WHAT TO DO:
Go to the line holding "一臺河卵石制砂機和兩臺振動篩發貨現場 一臺河卵石制砂機和兩臺振動篩發貨現場" in the data below. Return it and each line after it through the last, exactly, and skip the pictures.

• • •

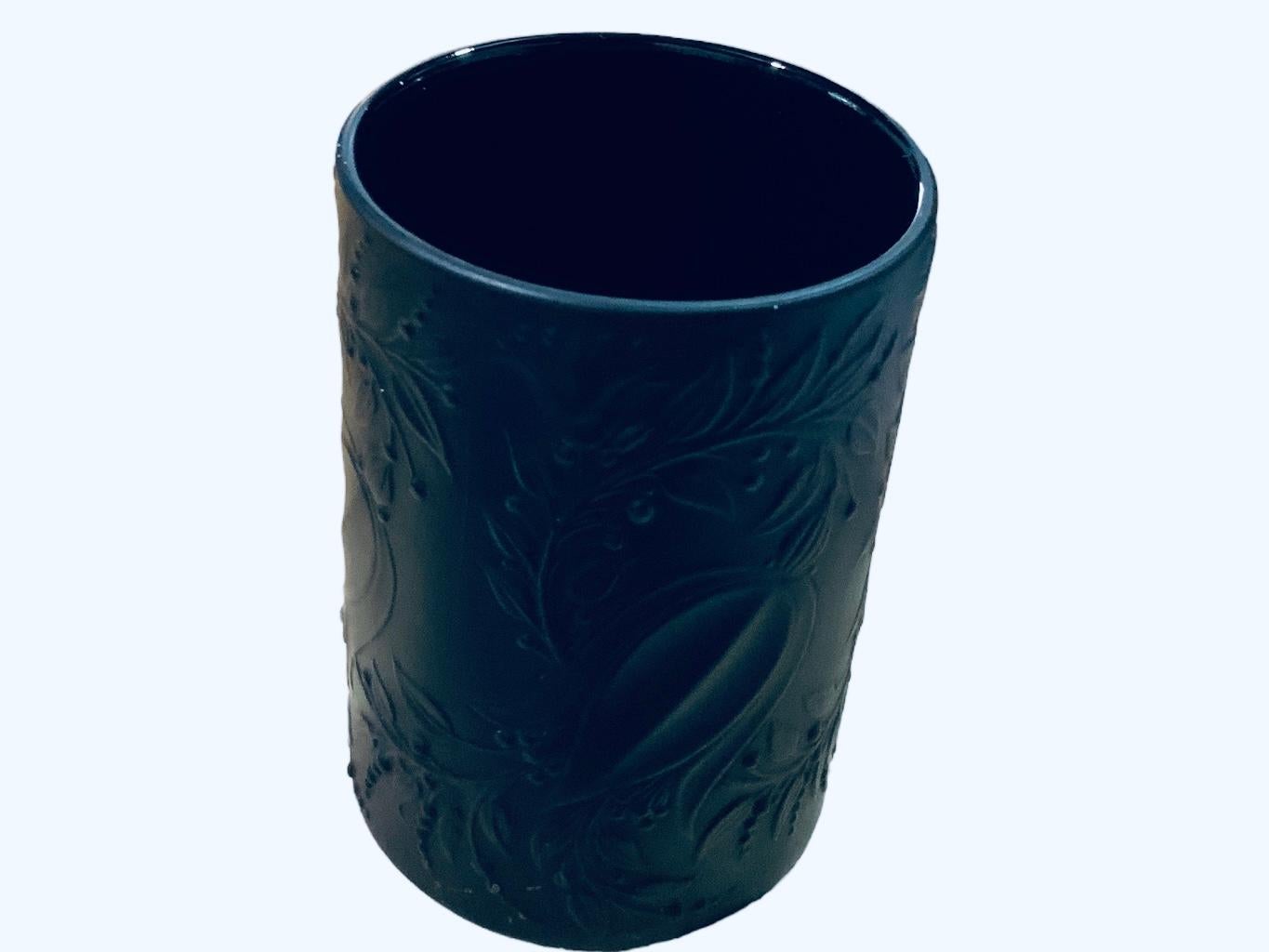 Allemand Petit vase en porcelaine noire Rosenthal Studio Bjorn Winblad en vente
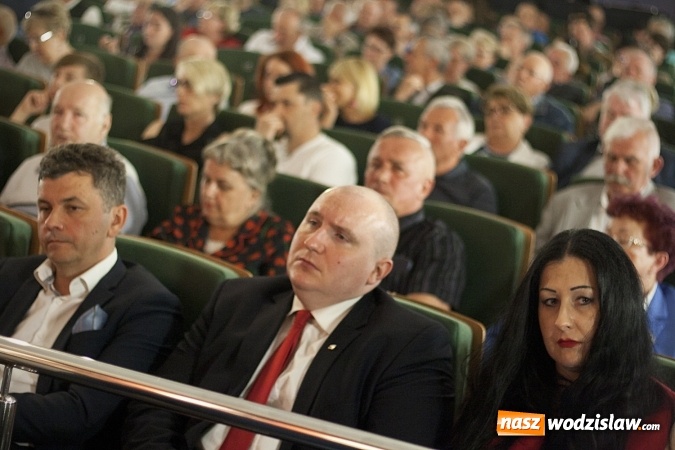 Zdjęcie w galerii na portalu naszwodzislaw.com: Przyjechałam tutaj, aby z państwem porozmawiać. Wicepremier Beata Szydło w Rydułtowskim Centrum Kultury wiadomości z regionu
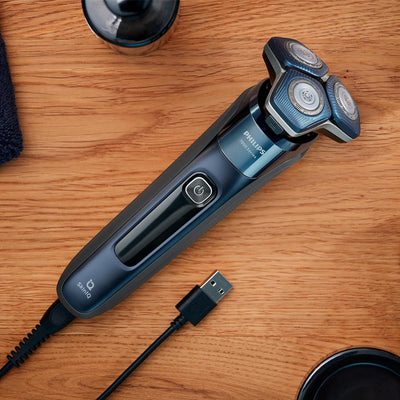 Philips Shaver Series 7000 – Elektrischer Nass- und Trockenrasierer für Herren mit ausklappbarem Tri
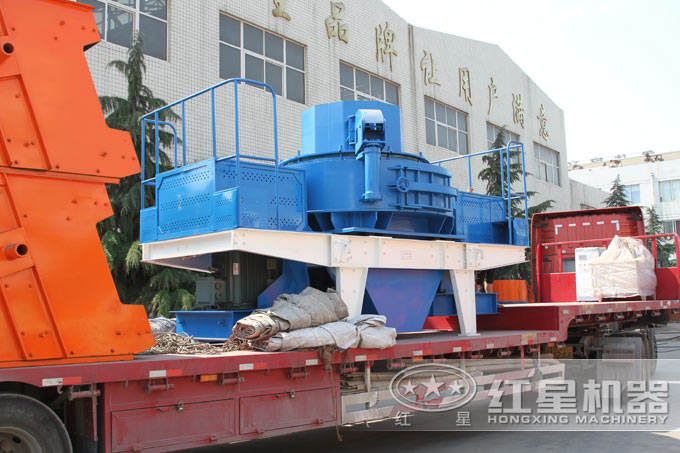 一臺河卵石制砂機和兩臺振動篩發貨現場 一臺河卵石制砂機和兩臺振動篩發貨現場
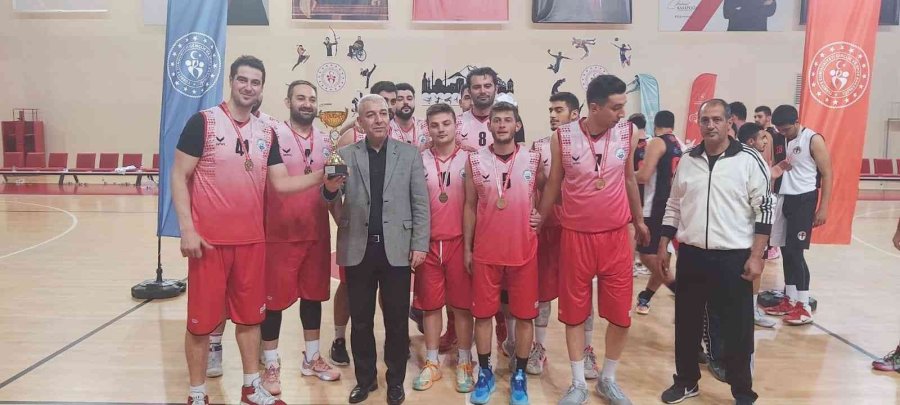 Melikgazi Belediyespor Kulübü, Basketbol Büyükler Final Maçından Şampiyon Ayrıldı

• • •

SOLUTION TO THE EXERCISE:
 一臺河卵石制砂機和兩臺振動篩發貨現場 一臺河卵石制砂機和兩臺振動篩發貨現場
 Melikgazi Belediyespor Kulübü, Basketbol Büyükler Final Maçından Şampiyon Ayrıldı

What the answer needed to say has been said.